Initially the update did not work, because unfortunately the latest version 2.10 introduced a copypaste bug when a password is given for the MQTT client. The password was appended to wrong buffer.
Apropos buffers: The new version uses a separate buffer for receiving values and one for publishing to topics, so the client does not break if you publish new topics from the callback. The big issue with current client (next to the still existing keep-alive) code is that the main receive loop() uses the same buffer than the publishing code, which may lead to problems when you write to the MQTT from the callback - which BSB-LAN is doing (we publish our status from the callback).

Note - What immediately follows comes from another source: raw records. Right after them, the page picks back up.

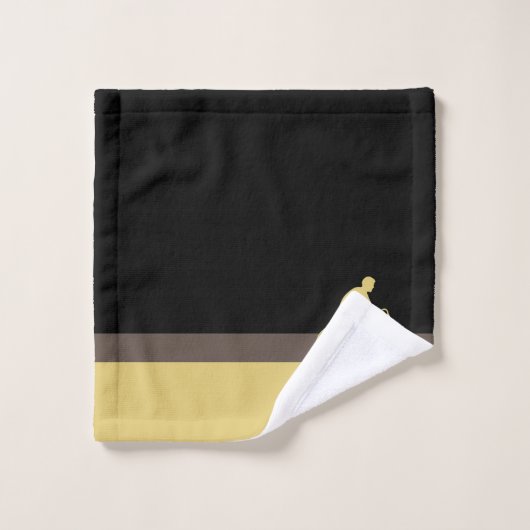 Monogram Naam Fiets Goud Zwart Grijs | Beige Bad Handdoek (Wasdoekje)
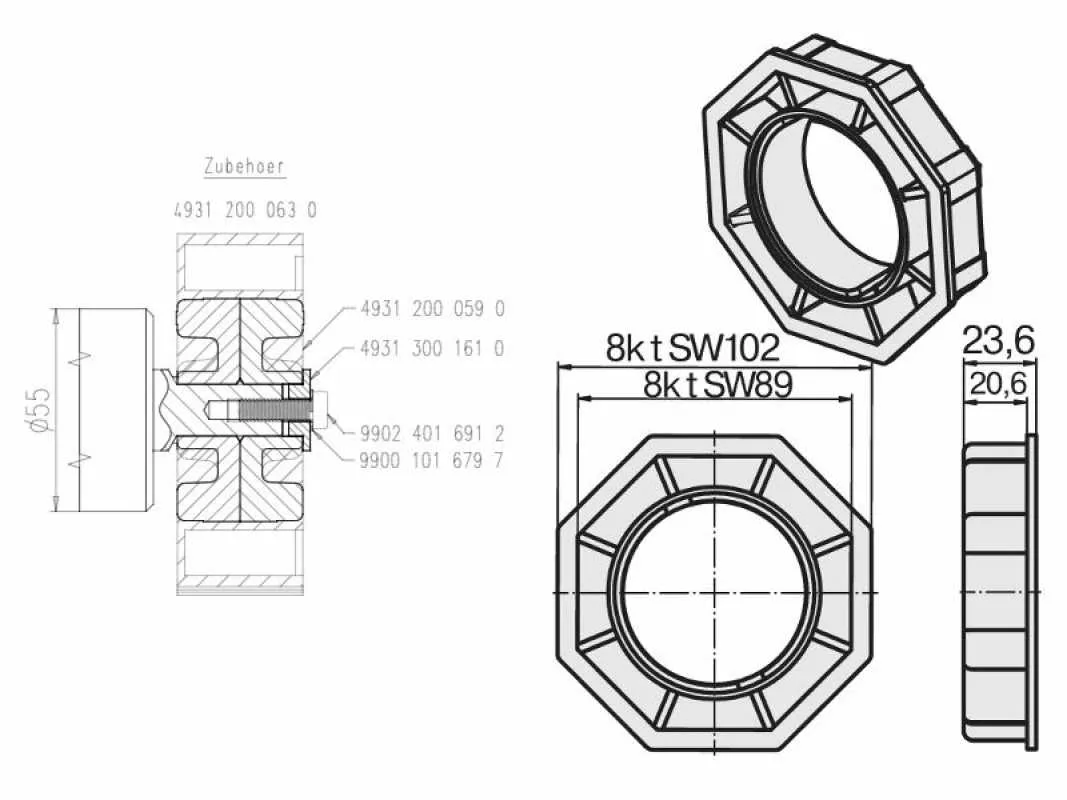 Becker Adapterset SW 102 | Baureihe L Becker Adapterset SW 102 | Baureihe L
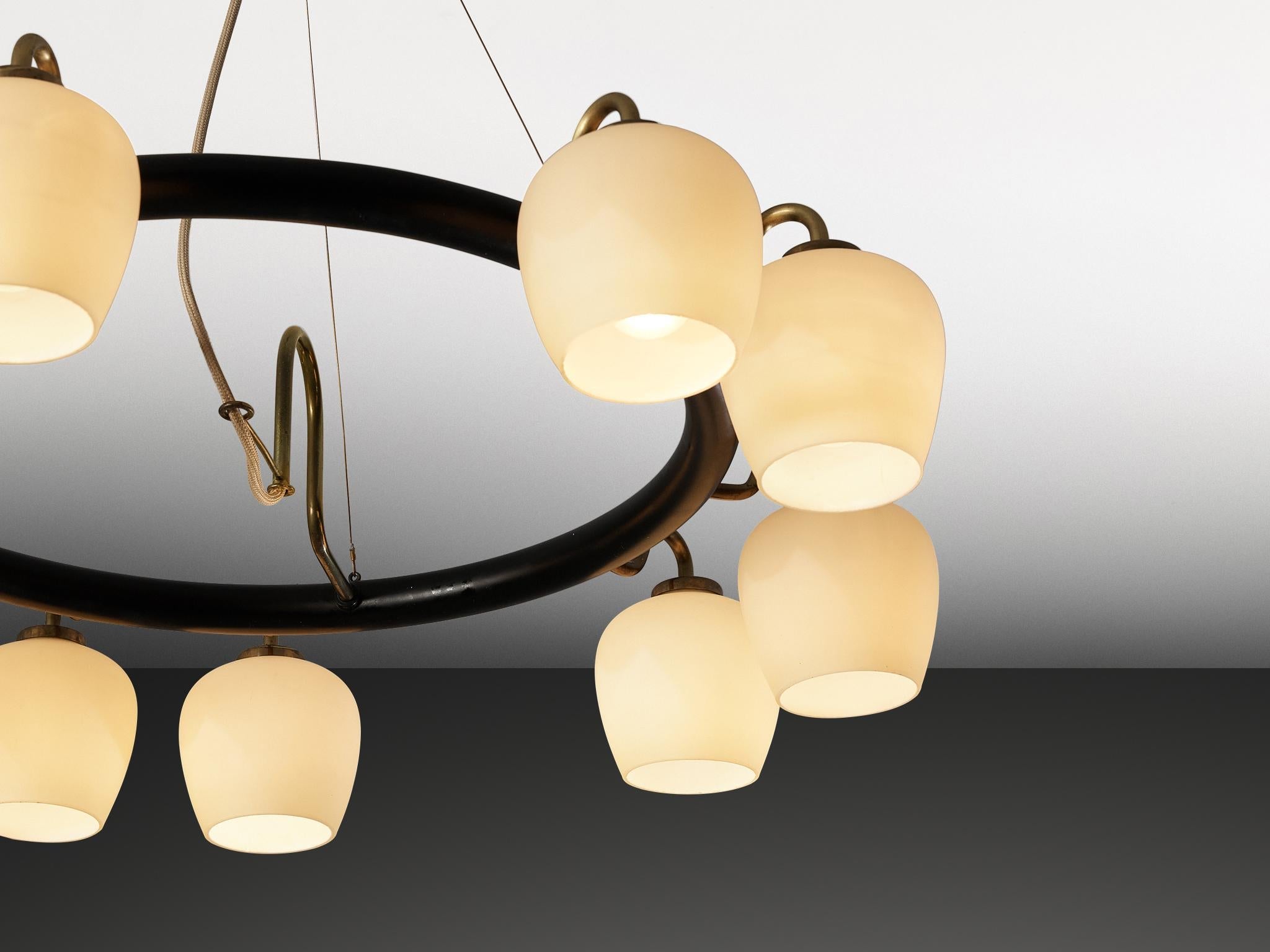 Vilhelm Lauritzen for Fog & Mørup Chandelier in Opaline Glass and Brass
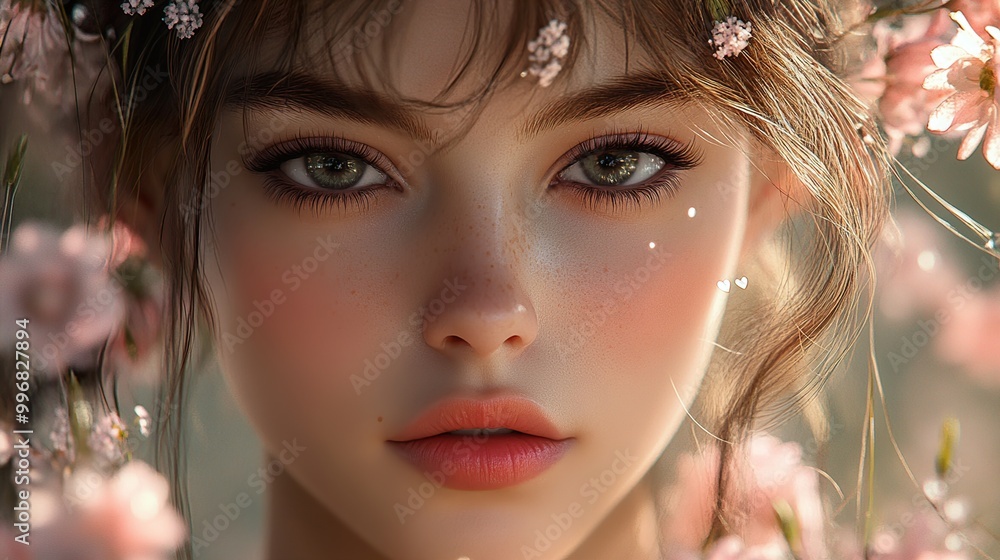 Close Up Portrait of a Woman with Flowers in Her Hair Close Up Portrait of a Woman with Flowers in Her Hair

I also now understood the code around the keepalive:
The keepalive code still has the initialization problem as mentioned before.
For all issues in version 2.10 of the pubsubclient library I will open a PR on their repository tomorrow. Maybe they release 2.11 soon. The password issue is the biggest problem (copypaste error where send_buffer was used instead of receive_buffer) is a serious bug! The keepalive handling works better now.
I marked all lines of code that I patched in the current version with a comment. When you update to 2.11 or later, the lines are hopefully obsolete.
I have this new code now running on my box. Observations:
I am at moment making the stress test. If all works well tomorrow morning, feel free to commit this.